LISTED ENTRIES -
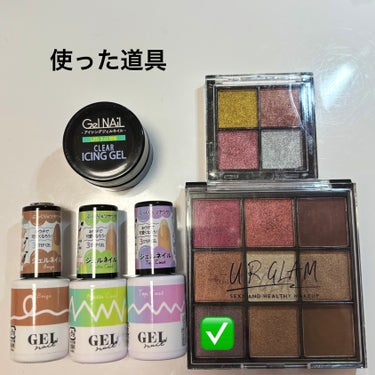 UR GLAM　BLOOMING EYE COLOR PALETTE/U R GLAM/パウダーアイシャドウを使ったクチコミ（2枚目）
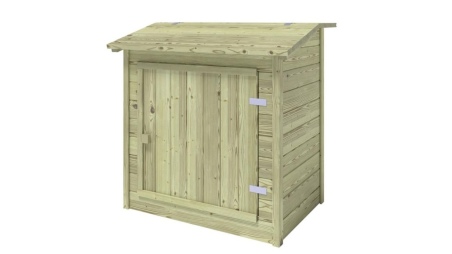 Caseta de madera para sistema de filtración de piscina 1.2 x 0.84 – H.1.16 m, Impregnado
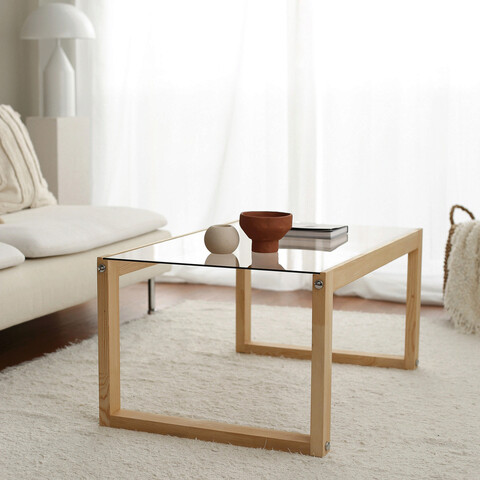 Masuta de cafea, Neostill, Via, 85x40x55 cm, Lemn, Natural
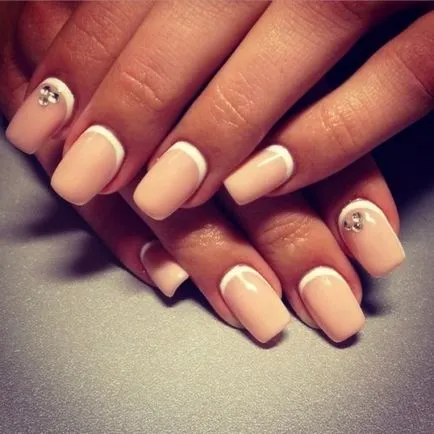 fotografii manichiura shellac franceză (manichiură) manichiură franțuzească shellac fotografie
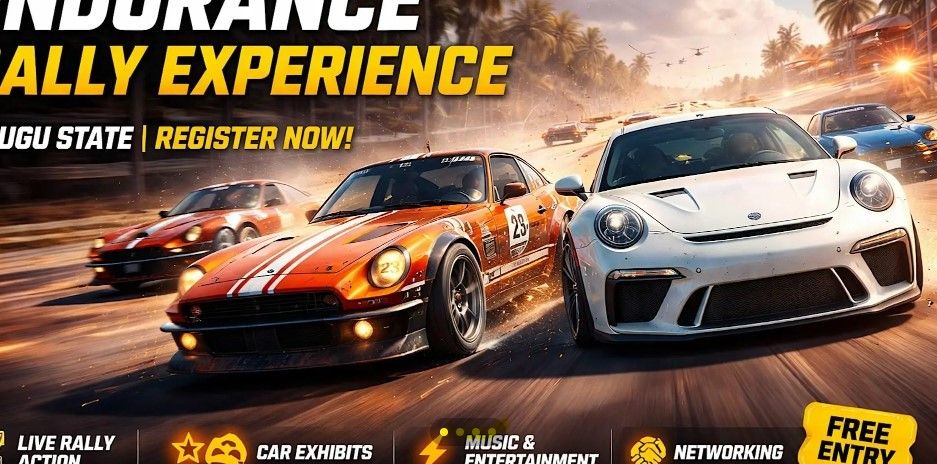Ozulu Racing Rally Experience | Enugu 2026 Event Banner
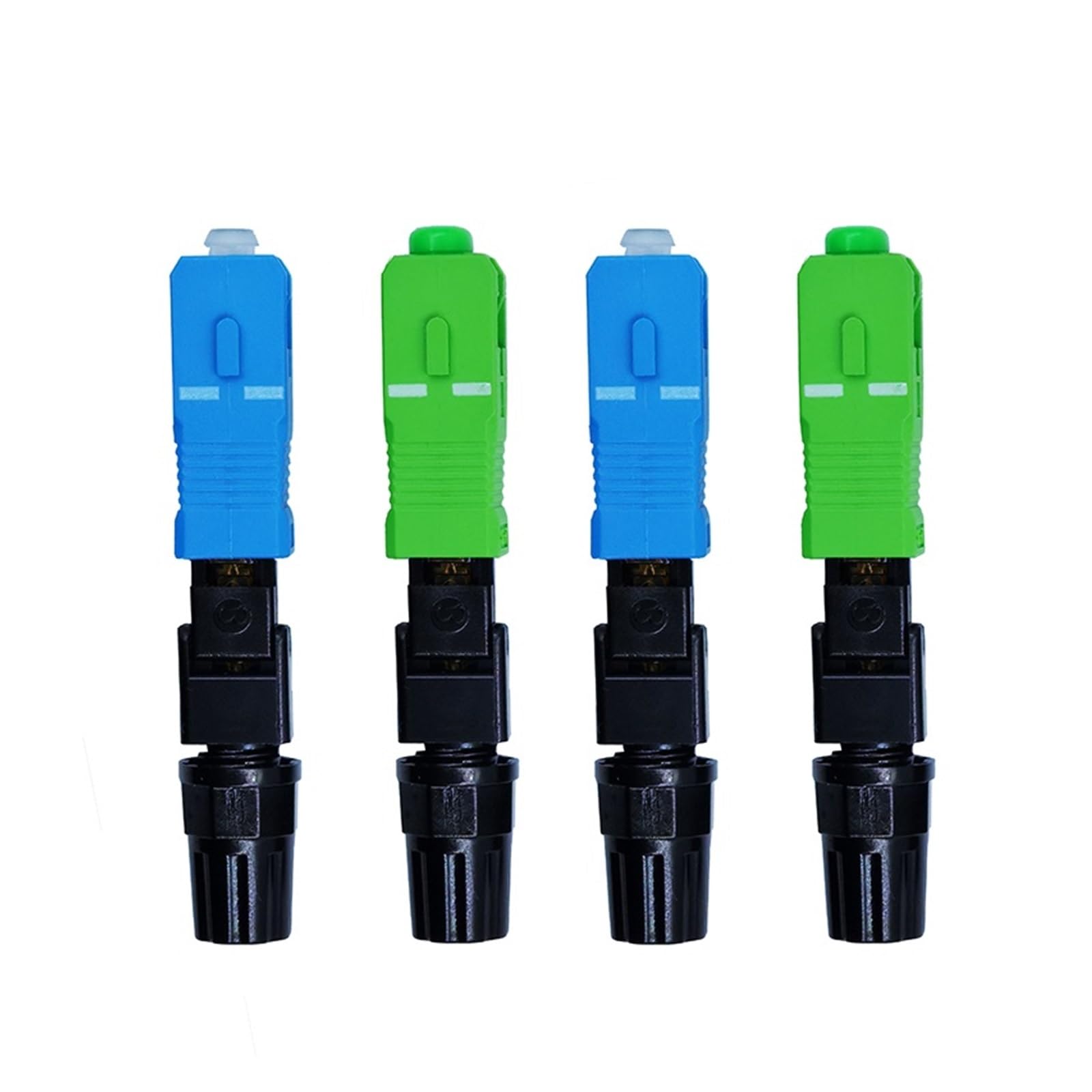 Épisseur de Fibre Optique Adaptateur Fibre Optique monomode SC FTTH Rapide APC UPC, Connexion à Froid, Assemblage sur site(200pcs SC APC K)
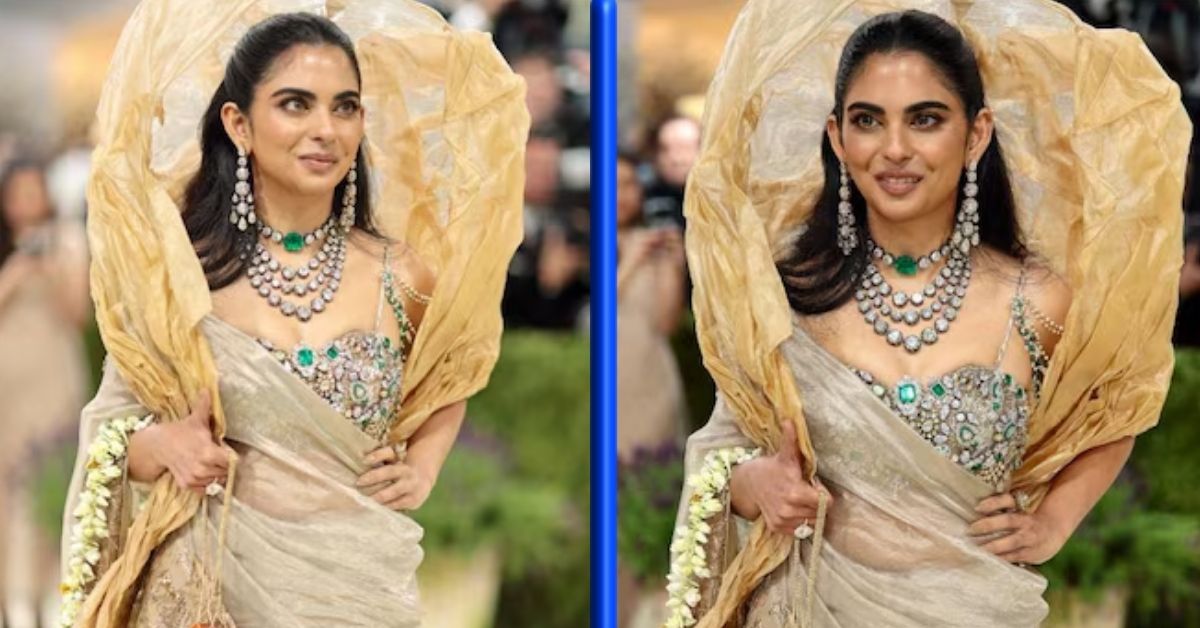 Isha Ambani Met Gala Saree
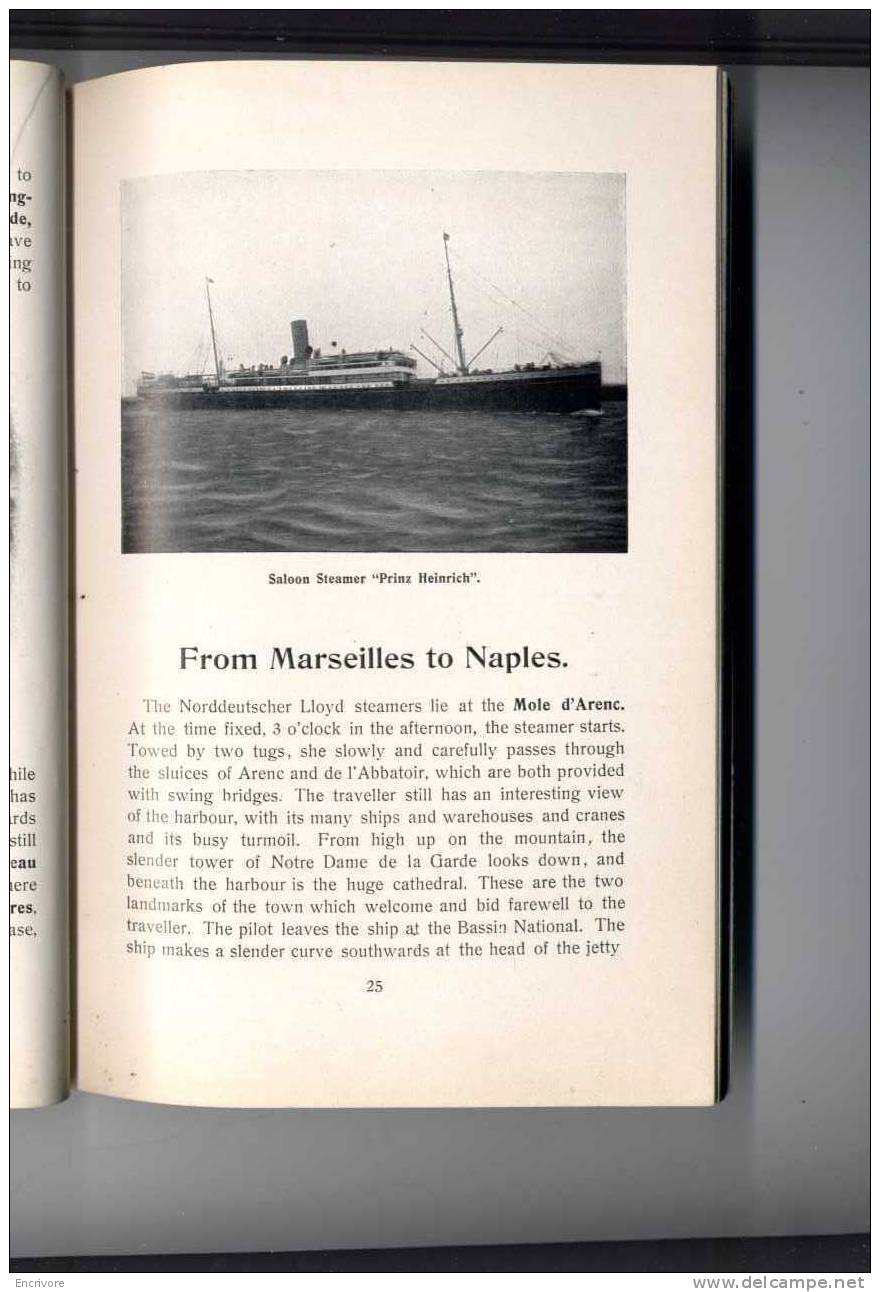 To EGYPT égypte By Steammers Norddeutscher Lloyd Bremen Marseille Naples Alexandrie Constantinople Caire Paquebot - Africa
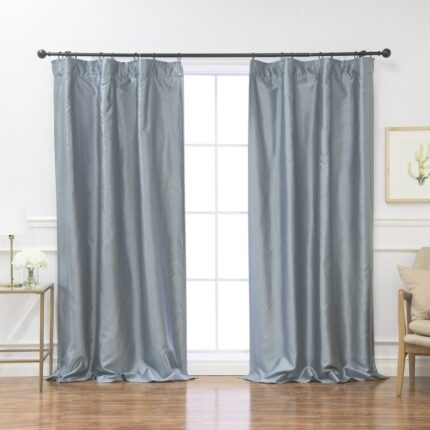 Vibbert Polyester Blackout Curtain Pair (Set of 2) - Chic Decora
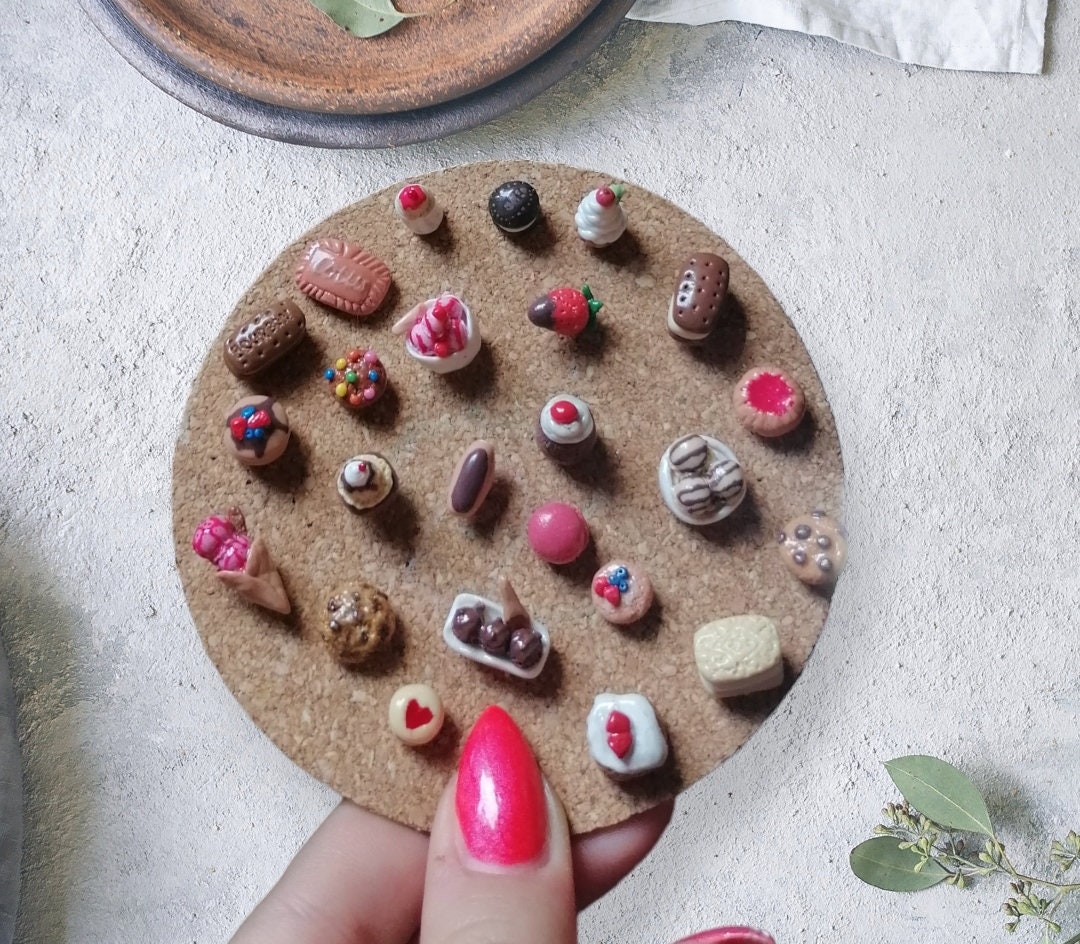 Handmade dessert themed Push pins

WHAT IS REQUIRED -
Within the listing above, the stretch from the line with "Caseta de madera" down to the line with "Isha Ambani Met Gala Saree" is to be given again exactly, end lines included and pictures excluded.

ANSWER BOX -
 Caseta de madera para sistema de filtración de piscina 1.2 x 0.84 – H.1.16 m, Impregnado
 Masuta de cafea, Neostill, Via, 85x40x55 cm, Lemn, Natural
 fotografii manichiura shellac franceză (manichiură) manichiură franțuzească shellac fotografie
Ozulu Racing Rally Experience | Enugu 2026 Event Banner
 Épisseur de Fibre Optique Adaptateur Fibre Optique monomode SC FTTH Rapide APC UPC, Connexion à Froid, Assemblage sur site(200pcs SC APC K)
 Isha Ambani Met Gala Saree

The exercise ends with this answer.